(Brief descriptive captions)
++++
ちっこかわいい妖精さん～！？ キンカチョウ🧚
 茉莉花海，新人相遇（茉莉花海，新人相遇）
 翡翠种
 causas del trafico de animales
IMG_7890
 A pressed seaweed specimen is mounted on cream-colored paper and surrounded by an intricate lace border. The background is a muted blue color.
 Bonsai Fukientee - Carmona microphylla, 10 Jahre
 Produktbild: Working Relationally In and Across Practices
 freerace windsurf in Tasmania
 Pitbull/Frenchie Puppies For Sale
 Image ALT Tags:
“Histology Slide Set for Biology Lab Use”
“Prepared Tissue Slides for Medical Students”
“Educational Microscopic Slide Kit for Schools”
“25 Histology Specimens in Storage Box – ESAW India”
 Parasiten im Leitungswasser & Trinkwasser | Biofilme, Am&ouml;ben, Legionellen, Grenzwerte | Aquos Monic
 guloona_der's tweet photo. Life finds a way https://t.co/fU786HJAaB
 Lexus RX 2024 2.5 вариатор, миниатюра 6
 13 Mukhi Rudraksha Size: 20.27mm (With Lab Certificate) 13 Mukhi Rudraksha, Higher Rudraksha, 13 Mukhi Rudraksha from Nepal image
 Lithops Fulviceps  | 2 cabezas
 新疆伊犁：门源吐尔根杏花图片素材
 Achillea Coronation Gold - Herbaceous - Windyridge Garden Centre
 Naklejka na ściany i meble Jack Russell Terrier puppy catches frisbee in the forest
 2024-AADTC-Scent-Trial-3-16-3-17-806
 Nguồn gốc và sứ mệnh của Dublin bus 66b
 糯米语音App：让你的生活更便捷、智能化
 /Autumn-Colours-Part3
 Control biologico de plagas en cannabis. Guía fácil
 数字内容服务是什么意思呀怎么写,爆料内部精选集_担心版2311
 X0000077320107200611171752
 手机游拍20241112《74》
++++
== What this task involves ==
Beginning at the first line of the records, give again each line exactly as written, ending with the line that contains "13 Mukhi Rudraksha Size: 20.27mm".

== Exercise response ==
ちっこかわいい妖精さん～！？ キンカチョウ🧚
 茉莉花海，新人相遇（茉莉花海，新人相遇）
 翡翠种
 causas del trafico de animales
IMG_7890
 A pressed seaweed specimen is mounted on cream-colored paper and surrounded by an intricate lace border. The background is a muted blue color.
 Bonsai Fukientee - Carmona microphylla, 10 Jahre
 Produktbild: Working Relationally In and Across Practices
 freerace windsurf in Tasmania
 Pitbull/Frenchie Puppies For Sale
 Image ALT Tags:
“Histology Slide Set for Biology Lab Use”
“Prepared Tissue Slides for Medical Students”
“Educational Microscopic Slide Kit for Schools”
“25 Histology Specimens in Storage Box – ESAW India”
 Parasiten im Leitungswasser & Trinkwasser | Biofilme, Am&ouml;ben, Legionellen, Grenzwerte | Aquos Monic
 guloona_der's tweet photo. Life finds a way https://t.co/fU786HJAaB
 Lexus RX 2024 2.5 вариатор, миниатюра 6
 13 Mukhi Rudraksha Size: 20.27mm (With Lab Certificate) 13 Mukhi Rudraksha, Higher Rudraksha, 13 Mukhi Rudraksha from Nepal image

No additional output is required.